Have a look around line 2315.

Doing some investigation into aspect-oriented programming in
javascript may also be worthwhile.

I’ll stop now :slight_smile:


#6

spooq wrote:

I might go with Javascript-Pure-Perl - see below. The following is just
wrap-ups.

http://lxr.mozilla.org/mozilla/source/js/src/js.c

Have a look around line 2315.

Interesting, but I don’t get It. The IT object … exists at debug
time, and traces all its calls?

Not sure exactly how you want to improve on lex?

Regexp is itself also a “little language”. However, to get to the
language, we don’t need to write a .regex file, compile it with special
compilers, produce a .c file, compile this, link into it, bind to it,
yack yack yack, and so on just to use it.

So, I envision Ruby lines like Lex.new.e(’ LetterE -> E | e’). Instead
of externally compiling the little language, we just host it.

That is not important for the current project…

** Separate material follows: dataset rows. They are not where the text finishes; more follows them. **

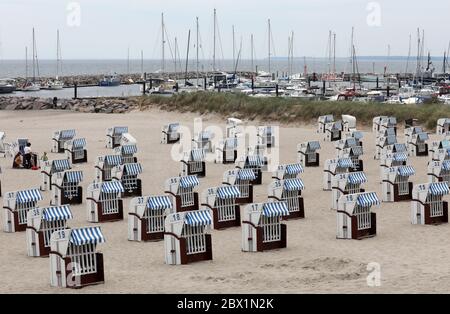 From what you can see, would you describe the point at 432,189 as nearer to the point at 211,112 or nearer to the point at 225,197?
the point at 225,197

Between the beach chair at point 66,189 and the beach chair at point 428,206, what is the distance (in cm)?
839

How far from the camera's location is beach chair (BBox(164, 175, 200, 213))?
21281 millimetres

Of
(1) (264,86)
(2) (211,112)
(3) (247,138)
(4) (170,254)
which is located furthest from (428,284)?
(1) (264,86)

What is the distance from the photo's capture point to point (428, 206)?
64.1ft

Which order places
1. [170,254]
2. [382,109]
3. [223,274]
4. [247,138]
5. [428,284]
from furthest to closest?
[382,109], [247,138], [170,254], [223,274], [428,284]

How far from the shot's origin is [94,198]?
67.6 ft

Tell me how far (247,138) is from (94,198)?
19.3 m

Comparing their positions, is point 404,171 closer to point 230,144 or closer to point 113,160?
point 113,160

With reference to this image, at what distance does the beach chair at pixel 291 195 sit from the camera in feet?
67.9

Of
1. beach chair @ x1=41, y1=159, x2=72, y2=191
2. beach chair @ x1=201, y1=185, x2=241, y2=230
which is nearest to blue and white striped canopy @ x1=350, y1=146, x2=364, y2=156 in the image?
beach chair @ x1=41, y1=159, x2=72, y2=191

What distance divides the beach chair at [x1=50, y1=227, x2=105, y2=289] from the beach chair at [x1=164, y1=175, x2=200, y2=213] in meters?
6.74

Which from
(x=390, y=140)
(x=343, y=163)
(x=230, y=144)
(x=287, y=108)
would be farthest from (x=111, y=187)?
(x=287, y=108)

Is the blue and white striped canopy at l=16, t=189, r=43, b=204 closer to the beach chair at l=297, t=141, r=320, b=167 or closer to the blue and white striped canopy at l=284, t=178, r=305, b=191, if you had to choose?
the blue and white striped canopy at l=284, t=178, r=305, b=191

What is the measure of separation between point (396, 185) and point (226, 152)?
A: 32.0 ft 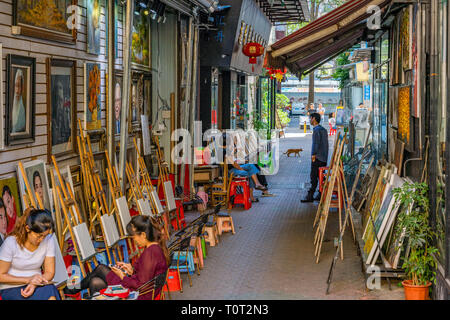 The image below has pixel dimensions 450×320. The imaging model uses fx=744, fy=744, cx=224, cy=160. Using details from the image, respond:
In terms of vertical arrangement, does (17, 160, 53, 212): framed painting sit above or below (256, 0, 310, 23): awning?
below

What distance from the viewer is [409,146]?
30.9 ft

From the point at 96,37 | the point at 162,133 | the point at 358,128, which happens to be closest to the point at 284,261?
the point at 96,37

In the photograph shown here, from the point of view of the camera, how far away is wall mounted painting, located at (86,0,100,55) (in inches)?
411

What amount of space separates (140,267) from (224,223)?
572cm

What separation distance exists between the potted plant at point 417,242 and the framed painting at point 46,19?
448 centimetres

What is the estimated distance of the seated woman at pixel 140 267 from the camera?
24.0ft

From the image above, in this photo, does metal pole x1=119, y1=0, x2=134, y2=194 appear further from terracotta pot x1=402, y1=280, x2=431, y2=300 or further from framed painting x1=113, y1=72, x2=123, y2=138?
Result: terracotta pot x1=402, y1=280, x2=431, y2=300

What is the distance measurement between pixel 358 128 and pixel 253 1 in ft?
15.0

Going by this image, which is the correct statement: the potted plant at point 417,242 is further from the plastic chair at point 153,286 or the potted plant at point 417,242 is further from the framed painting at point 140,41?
the framed painting at point 140,41

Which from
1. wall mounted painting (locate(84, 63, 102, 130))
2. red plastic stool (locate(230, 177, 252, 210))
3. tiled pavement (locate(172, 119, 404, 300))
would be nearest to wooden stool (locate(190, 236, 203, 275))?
tiled pavement (locate(172, 119, 404, 300))

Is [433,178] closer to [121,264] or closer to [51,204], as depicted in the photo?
[121,264]

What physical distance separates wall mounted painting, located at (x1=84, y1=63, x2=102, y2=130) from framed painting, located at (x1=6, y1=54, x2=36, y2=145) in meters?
2.17

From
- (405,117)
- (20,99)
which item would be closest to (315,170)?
(405,117)

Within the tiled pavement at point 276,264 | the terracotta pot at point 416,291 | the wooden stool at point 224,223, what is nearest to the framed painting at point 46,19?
the tiled pavement at point 276,264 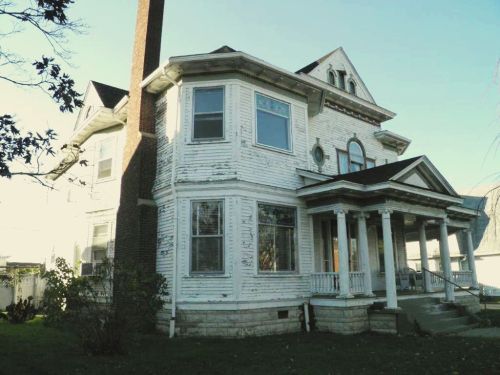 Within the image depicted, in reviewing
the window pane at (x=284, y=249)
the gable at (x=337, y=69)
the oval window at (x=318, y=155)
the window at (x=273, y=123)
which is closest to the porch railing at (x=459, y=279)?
the oval window at (x=318, y=155)

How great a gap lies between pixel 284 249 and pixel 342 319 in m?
2.58

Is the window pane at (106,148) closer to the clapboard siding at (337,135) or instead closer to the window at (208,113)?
the window at (208,113)

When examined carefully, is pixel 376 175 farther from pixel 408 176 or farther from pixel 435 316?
pixel 435 316

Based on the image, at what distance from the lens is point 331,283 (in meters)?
12.7

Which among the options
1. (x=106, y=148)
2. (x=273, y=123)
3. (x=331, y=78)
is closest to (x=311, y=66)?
(x=331, y=78)

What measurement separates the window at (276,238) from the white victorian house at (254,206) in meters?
0.04

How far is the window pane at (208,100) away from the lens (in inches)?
505

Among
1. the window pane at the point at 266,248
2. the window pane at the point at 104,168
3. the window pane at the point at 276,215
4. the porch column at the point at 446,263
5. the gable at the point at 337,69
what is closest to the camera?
the window pane at the point at 266,248

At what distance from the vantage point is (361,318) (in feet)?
39.7

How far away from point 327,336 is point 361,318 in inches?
52.3

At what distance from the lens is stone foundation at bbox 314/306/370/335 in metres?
11.8

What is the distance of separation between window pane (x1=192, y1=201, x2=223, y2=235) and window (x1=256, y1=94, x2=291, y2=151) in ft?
8.08

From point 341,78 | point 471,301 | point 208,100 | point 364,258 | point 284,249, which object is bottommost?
point 471,301

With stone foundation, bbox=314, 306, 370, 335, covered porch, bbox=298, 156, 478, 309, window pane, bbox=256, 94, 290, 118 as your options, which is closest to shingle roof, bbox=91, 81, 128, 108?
window pane, bbox=256, 94, 290, 118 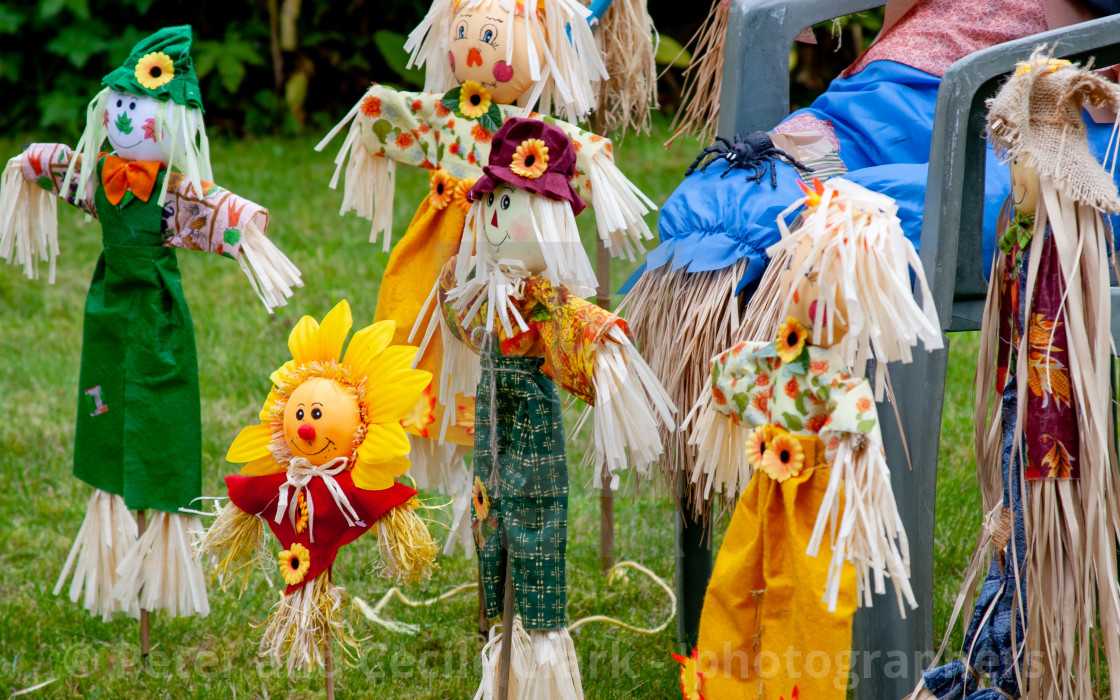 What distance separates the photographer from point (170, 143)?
5.94 feet

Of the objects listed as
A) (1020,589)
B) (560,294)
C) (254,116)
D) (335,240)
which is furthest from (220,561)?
(254,116)

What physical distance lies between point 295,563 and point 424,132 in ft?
2.32

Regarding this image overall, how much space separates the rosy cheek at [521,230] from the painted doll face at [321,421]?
34 centimetres

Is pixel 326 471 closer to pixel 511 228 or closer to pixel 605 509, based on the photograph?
pixel 511 228

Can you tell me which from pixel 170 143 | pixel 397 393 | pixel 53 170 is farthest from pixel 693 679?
pixel 53 170

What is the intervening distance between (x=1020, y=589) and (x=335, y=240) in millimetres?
3394

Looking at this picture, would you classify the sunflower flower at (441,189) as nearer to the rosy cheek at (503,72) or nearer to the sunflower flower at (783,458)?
the rosy cheek at (503,72)

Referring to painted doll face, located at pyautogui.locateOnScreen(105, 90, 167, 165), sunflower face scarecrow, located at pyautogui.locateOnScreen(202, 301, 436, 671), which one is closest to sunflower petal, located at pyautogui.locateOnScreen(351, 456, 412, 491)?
sunflower face scarecrow, located at pyautogui.locateOnScreen(202, 301, 436, 671)

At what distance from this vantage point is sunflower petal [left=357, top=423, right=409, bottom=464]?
1.53 m

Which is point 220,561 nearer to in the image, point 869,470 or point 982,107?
point 869,470

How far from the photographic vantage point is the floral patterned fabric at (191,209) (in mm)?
1821

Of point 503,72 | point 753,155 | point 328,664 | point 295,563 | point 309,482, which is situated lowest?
point 328,664

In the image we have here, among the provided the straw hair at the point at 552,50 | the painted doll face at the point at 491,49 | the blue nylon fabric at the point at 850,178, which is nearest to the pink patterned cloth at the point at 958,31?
the blue nylon fabric at the point at 850,178

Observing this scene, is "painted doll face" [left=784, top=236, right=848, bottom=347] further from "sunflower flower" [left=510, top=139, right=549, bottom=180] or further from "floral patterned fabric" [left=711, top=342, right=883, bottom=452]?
"sunflower flower" [left=510, top=139, right=549, bottom=180] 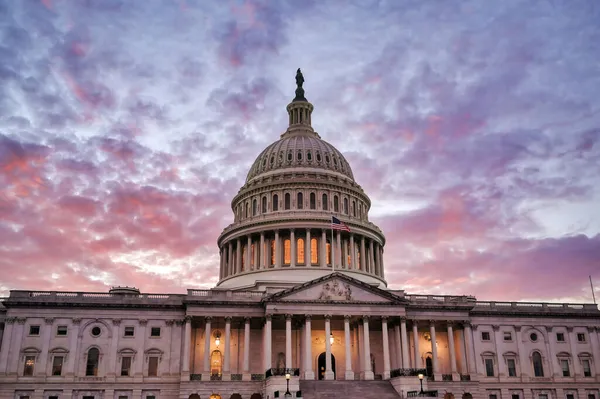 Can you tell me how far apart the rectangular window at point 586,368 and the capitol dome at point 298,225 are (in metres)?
28.0

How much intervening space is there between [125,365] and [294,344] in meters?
19.5

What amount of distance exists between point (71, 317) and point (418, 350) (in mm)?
40345

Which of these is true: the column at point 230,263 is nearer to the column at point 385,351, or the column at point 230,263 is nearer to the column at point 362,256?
the column at point 362,256

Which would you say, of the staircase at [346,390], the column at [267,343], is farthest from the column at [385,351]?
the column at [267,343]

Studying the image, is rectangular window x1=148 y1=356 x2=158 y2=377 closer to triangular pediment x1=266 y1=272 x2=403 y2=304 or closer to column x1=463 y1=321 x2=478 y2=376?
triangular pediment x1=266 y1=272 x2=403 y2=304

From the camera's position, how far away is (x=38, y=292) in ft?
227

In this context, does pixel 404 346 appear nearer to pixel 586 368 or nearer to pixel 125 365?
pixel 586 368

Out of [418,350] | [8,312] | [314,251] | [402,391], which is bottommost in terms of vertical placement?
[402,391]

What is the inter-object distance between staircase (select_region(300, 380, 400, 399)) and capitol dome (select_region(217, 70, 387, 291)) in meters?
20.1

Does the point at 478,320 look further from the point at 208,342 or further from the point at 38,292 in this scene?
the point at 38,292

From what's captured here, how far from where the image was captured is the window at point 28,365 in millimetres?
65312

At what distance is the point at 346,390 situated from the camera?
2384 inches

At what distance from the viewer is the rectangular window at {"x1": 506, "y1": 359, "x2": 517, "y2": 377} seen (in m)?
74.4

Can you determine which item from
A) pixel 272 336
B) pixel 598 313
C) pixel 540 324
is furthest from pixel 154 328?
pixel 598 313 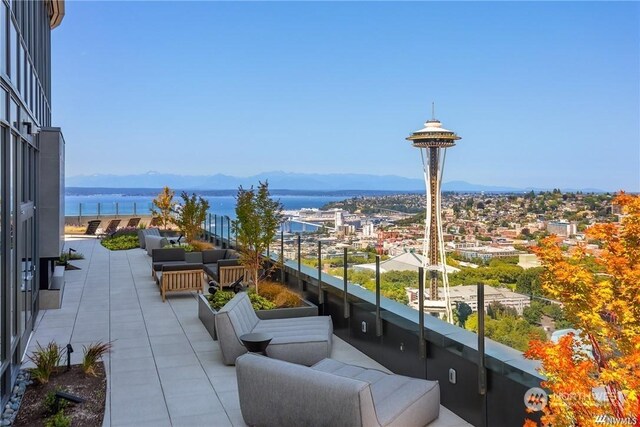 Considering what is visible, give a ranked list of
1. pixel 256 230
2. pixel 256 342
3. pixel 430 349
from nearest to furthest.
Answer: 1. pixel 430 349
2. pixel 256 342
3. pixel 256 230

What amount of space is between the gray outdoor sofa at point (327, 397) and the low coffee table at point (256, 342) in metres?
1.08

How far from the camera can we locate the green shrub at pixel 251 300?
8328 millimetres

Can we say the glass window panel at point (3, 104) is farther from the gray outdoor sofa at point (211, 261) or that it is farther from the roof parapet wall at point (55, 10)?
the roof parapet wall at point (55, 10)

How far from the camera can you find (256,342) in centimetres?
584

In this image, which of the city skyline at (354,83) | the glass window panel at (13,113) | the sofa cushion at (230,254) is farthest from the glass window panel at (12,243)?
the city skyline at (354,83)

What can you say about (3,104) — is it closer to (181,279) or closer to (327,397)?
(327,397)

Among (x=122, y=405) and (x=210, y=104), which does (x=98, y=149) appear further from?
(x=122, y=405)

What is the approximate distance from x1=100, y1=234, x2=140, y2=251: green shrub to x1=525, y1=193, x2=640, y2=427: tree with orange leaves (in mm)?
18389

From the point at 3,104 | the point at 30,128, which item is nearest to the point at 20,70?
the point at 30,128

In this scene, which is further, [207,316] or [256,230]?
[256,230]

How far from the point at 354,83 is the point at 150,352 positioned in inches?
3470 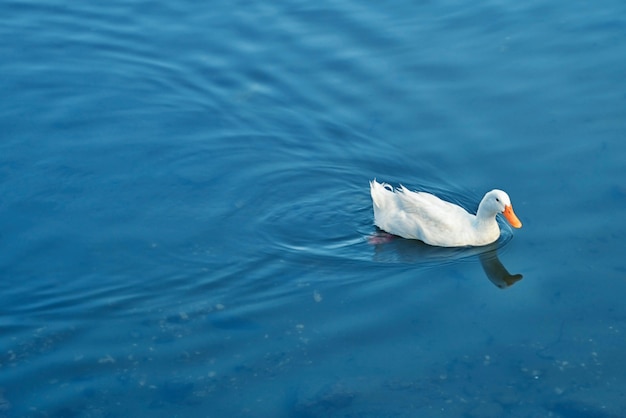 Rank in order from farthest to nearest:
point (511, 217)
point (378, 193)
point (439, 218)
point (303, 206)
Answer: point (303, 206), point (378, 193), point (439, 218), point (511, 217)

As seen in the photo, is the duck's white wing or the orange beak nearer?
the orange beak

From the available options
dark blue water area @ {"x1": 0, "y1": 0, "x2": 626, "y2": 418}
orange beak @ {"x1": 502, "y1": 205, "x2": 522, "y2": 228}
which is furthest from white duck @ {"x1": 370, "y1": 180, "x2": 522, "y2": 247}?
dark blue water area @ {"x1": 0, "y1": 0, "x2": 626, "y2": 418}

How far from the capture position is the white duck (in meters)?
11.3

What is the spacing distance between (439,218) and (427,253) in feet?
1.38

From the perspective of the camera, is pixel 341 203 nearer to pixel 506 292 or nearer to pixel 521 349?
pixel 506 292

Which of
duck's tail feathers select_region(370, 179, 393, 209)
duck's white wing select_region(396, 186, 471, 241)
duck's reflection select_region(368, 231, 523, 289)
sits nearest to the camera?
duck's reflection select_region(368, 231, 523, 289)

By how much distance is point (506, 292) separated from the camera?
10773mm

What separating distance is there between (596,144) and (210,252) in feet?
17.0

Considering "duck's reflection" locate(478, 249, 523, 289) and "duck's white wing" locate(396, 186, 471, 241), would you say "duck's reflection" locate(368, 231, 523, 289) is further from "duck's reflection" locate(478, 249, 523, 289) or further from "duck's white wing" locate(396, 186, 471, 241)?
"duck's white wing" locate(396, 186, 471, 241)

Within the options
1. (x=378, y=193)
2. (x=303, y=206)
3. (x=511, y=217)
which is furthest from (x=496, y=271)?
(x=303, y=206)

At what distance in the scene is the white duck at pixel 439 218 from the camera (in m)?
11.3

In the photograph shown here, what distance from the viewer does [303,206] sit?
12094 mm

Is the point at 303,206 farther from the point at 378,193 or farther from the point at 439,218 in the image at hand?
the point at 439,218

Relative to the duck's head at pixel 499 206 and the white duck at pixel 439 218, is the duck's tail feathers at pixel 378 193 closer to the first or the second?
the white duck at pixel 439 218
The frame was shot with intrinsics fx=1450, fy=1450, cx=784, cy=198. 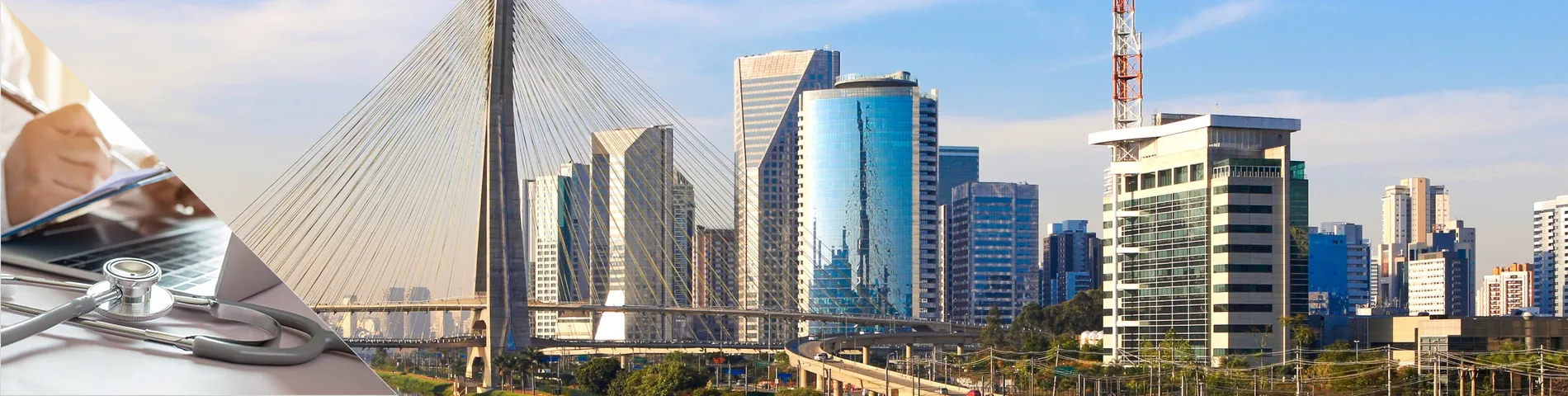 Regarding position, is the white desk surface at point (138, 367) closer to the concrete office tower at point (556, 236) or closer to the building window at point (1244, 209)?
the concrete office tower at point (556, 236)

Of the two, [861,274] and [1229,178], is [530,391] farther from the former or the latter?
[861,274]

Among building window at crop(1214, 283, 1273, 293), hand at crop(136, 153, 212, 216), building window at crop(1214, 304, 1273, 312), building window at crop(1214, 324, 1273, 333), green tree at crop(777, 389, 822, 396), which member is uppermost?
hand at crop(136, 153, 212, 216)

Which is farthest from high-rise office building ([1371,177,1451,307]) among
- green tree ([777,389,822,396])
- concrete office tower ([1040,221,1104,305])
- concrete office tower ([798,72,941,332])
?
green tree ([777,389,822,396])

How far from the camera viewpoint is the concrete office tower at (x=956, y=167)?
7512 centimetres

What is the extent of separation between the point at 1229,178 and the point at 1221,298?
2052 mm

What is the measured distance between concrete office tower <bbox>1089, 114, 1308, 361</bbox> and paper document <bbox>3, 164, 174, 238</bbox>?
2377 cm

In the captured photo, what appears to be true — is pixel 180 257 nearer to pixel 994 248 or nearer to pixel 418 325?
pixel 418 325

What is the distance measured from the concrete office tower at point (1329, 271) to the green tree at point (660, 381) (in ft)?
144

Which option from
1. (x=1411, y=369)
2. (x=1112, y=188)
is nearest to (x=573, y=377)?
(x=1112, y=188)

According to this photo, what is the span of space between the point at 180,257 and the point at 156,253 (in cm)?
2

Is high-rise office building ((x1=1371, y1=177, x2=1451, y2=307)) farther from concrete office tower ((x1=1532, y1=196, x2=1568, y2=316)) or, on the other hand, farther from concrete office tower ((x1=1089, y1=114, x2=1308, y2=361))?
concrete office tower ((x1=1089, y1=114, x2=1308, y2=361))

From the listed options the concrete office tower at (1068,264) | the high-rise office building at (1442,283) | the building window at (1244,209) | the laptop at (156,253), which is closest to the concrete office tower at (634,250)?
the building window at (1244,209)

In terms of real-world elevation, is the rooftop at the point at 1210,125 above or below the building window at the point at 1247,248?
above

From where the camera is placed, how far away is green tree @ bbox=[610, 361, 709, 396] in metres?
20.5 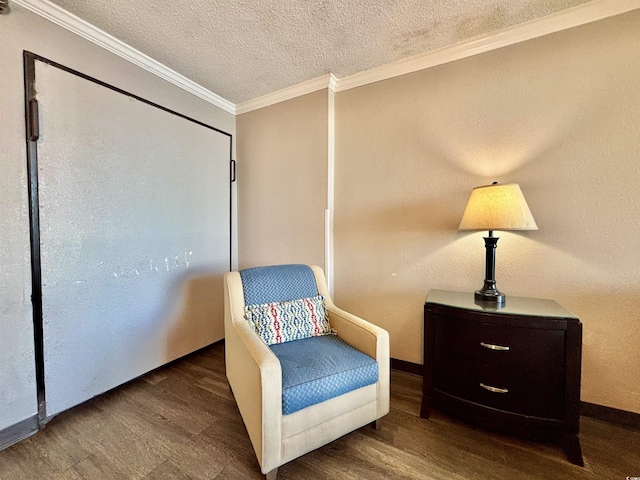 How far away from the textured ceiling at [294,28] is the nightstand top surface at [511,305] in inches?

Can I add a parser to the Syntax library? It only does Ruby, XML, and
YAML so far…

I don’t see how that’s better than grabbing the Javascript grammar off
the web in BNF :

In theory, I only need a dirt-simple way to spot-check the source; I’m
not writing a JavaScript interpreter. But it could be better if it
doesn’t force me to externally compile the lexer.

http://corion.net/perl-dev/Javascript-PurePerl.html does javascript to
xml

Righteous! The project already uses XML (and unit tests with
assert_xpath), so that will fit right in!

Thanks! I honestly would never have thought to try Perl…


#7

On 1/2/07, Phlip removed_email_address@domain.invalid wrote:

time, and traces all its calls?
It just makes a pre-defined object that you can poke at when you run
scripts in that interpreter. The implication was that you could
recreate the Ajax.* methods and use them to log.

Not sure exactly how you want to improve on lex?

Regexp is itself also a “little language”. However, to get to the
language, we don’t need to write a .regex file, compile it with special
compilers, produce a .c file, compile this, link into it, bind to it,
yack yack yack, and so on just to use it.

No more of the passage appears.